++++ Data

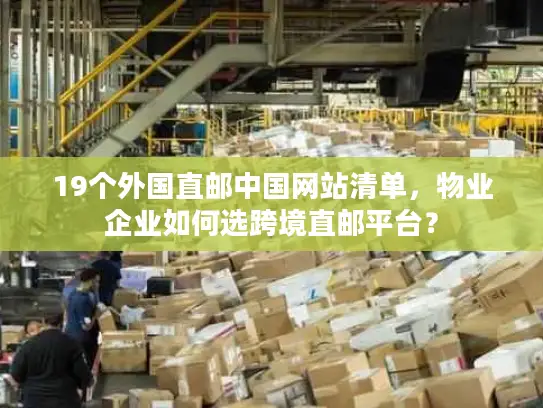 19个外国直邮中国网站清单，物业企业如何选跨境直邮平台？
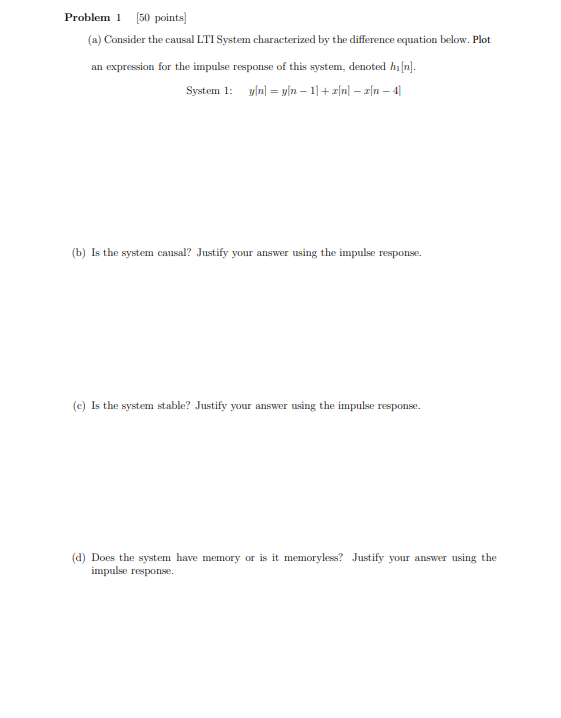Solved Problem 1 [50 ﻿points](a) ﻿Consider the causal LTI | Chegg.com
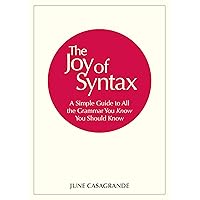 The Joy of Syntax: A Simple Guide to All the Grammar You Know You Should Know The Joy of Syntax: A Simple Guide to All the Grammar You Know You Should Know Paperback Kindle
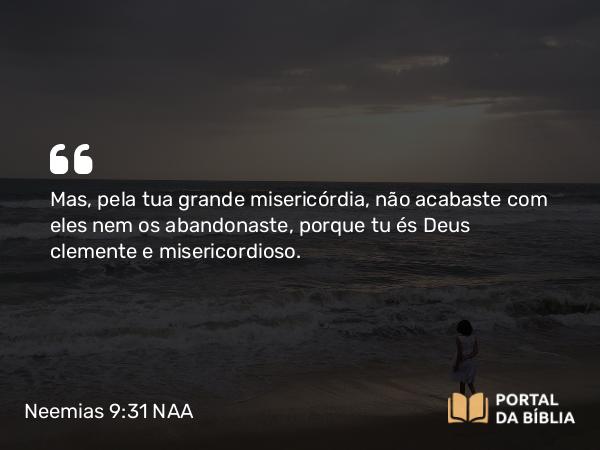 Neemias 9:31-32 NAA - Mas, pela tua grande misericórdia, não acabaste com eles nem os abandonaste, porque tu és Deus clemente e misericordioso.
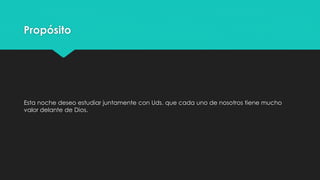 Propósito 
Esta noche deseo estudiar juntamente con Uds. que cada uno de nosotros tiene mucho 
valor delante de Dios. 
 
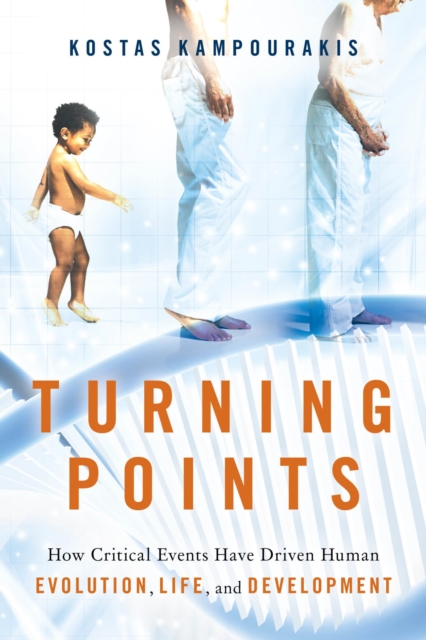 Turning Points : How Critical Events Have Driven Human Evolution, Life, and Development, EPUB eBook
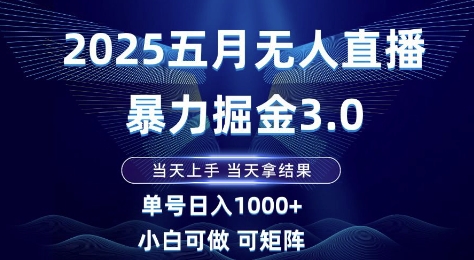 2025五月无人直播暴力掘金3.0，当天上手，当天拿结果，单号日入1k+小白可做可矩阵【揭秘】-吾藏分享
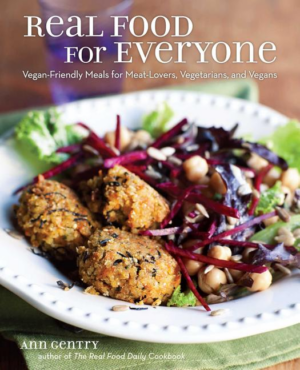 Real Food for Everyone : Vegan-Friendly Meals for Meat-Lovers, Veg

++++++++
++++ Data

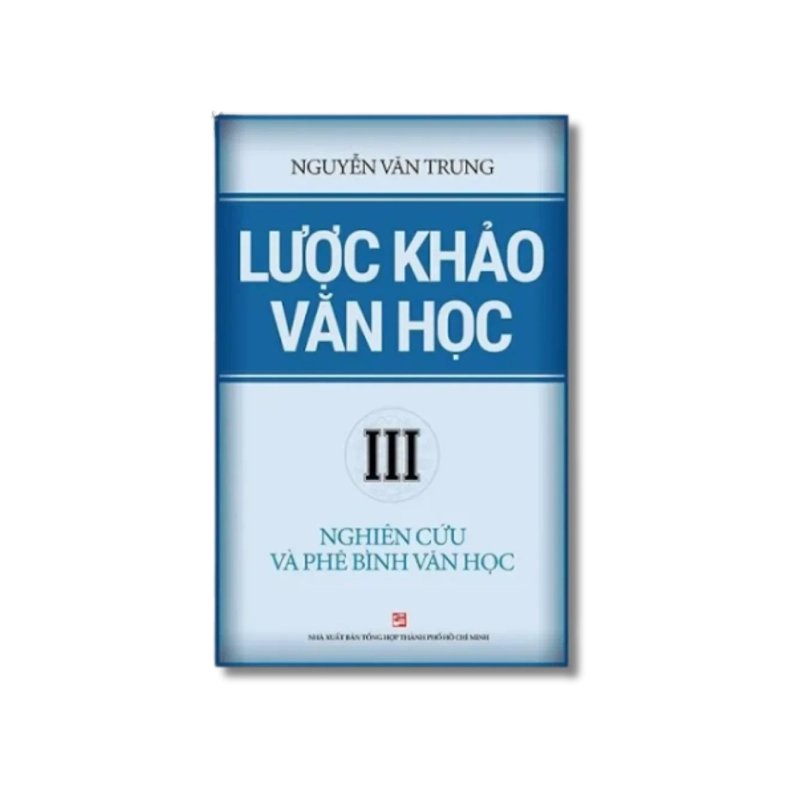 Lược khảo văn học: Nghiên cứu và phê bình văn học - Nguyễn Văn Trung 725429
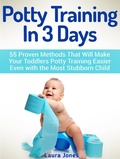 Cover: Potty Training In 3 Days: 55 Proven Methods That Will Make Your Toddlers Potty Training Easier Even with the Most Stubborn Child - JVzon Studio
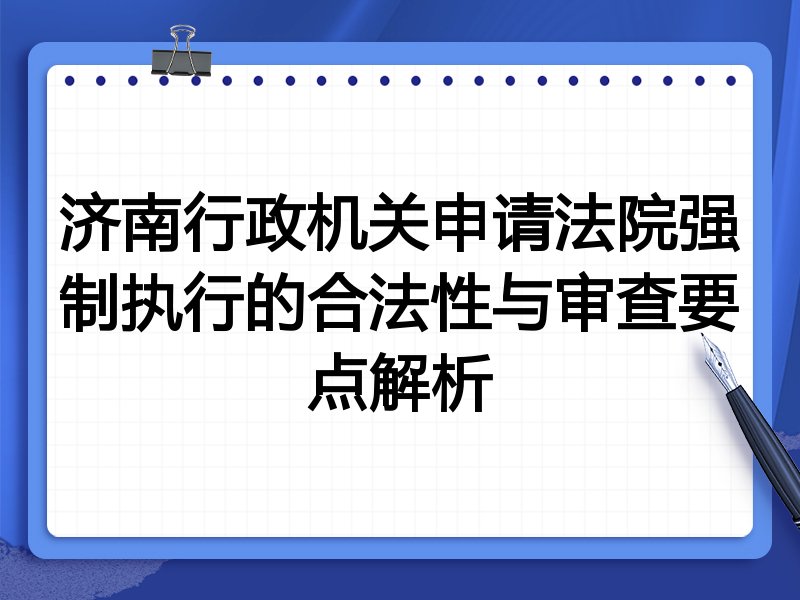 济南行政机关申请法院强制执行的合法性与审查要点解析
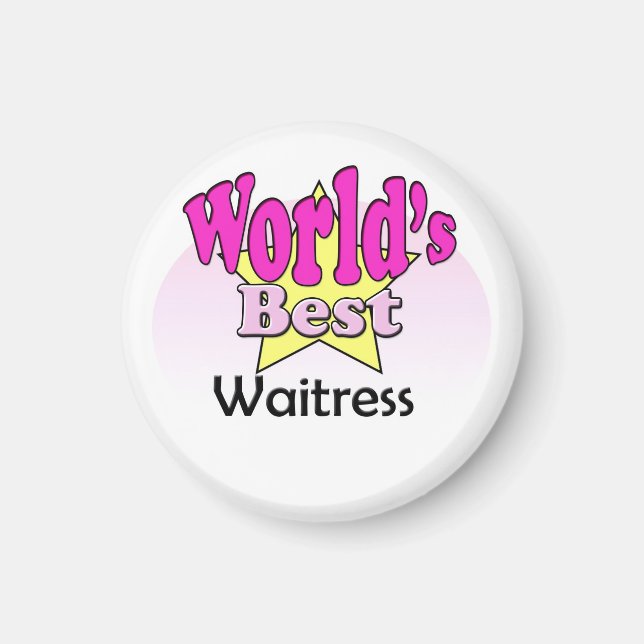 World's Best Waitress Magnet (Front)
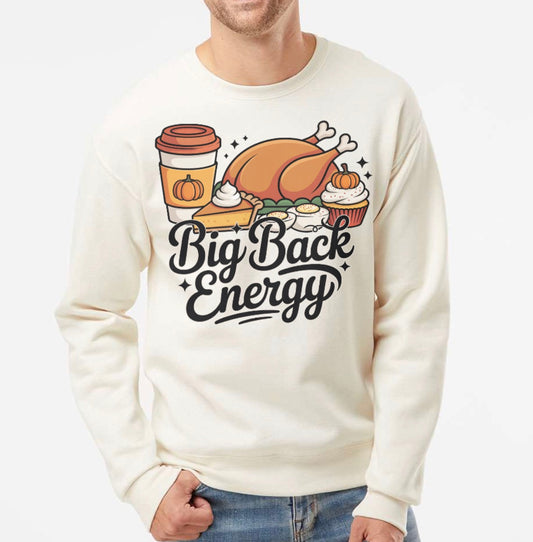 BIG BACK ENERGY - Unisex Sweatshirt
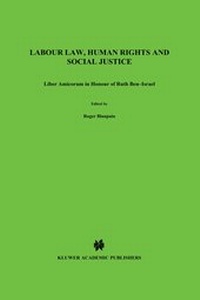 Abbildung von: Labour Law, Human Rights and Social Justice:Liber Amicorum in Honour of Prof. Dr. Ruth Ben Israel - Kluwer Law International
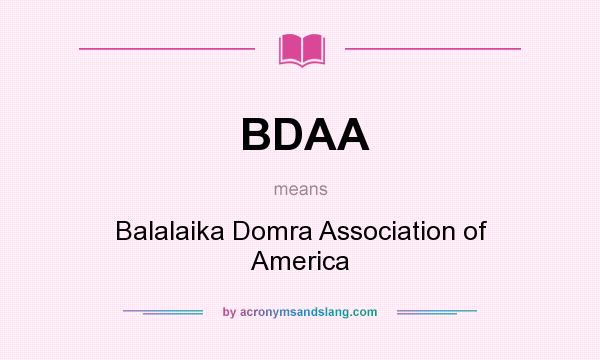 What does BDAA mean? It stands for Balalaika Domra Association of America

++++++++
++++ Data

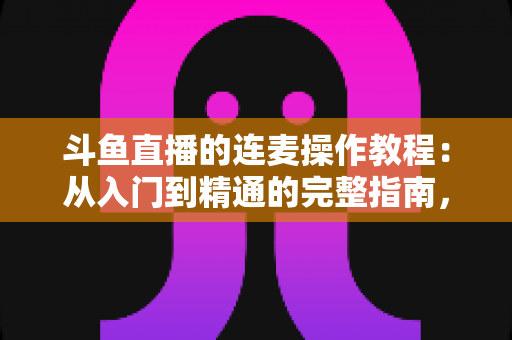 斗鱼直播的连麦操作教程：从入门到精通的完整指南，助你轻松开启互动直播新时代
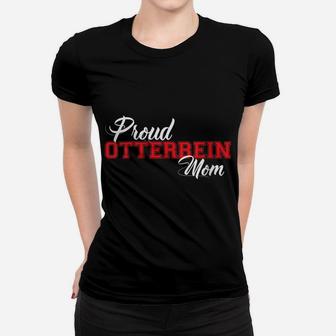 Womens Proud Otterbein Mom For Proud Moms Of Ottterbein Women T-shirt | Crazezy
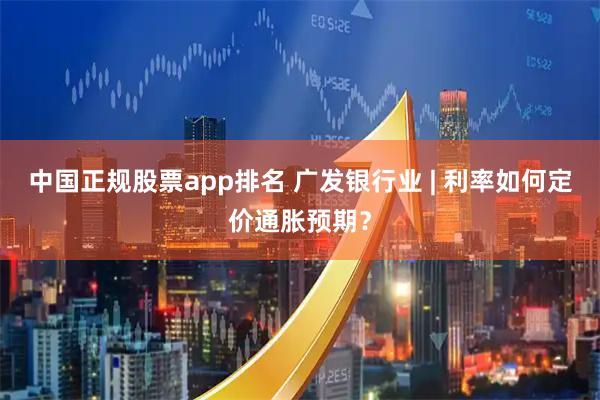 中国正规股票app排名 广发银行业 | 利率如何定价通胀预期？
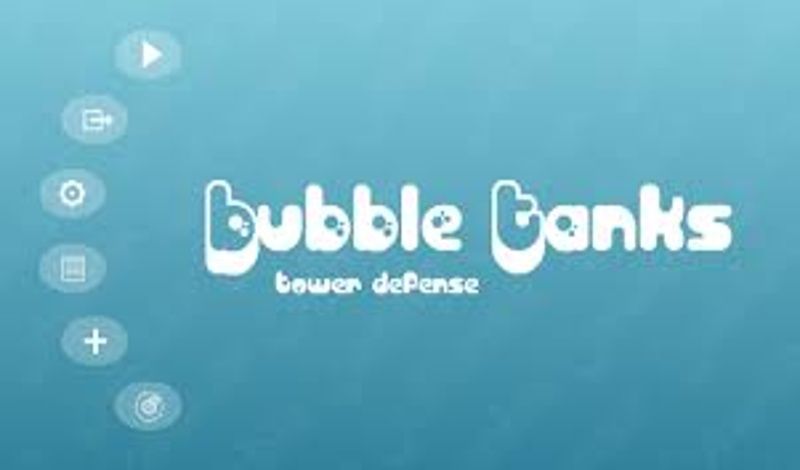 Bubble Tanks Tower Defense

++++++++

▶ _Task to carry out_
Please copy out from the data above, without any picture, exactly the lines running from the one that holds "中国正规股票app排名 广发银行业 | 利率如何定价通胀预期？" through the one that holds "Bubble Tanks Tower Defense", and nothing beyond them.

▶ _Answer to this task_
 中国正规股票app排名 广发银行业 | 利率如何定价通胀预期？
 Bubble Tanks Tower Defense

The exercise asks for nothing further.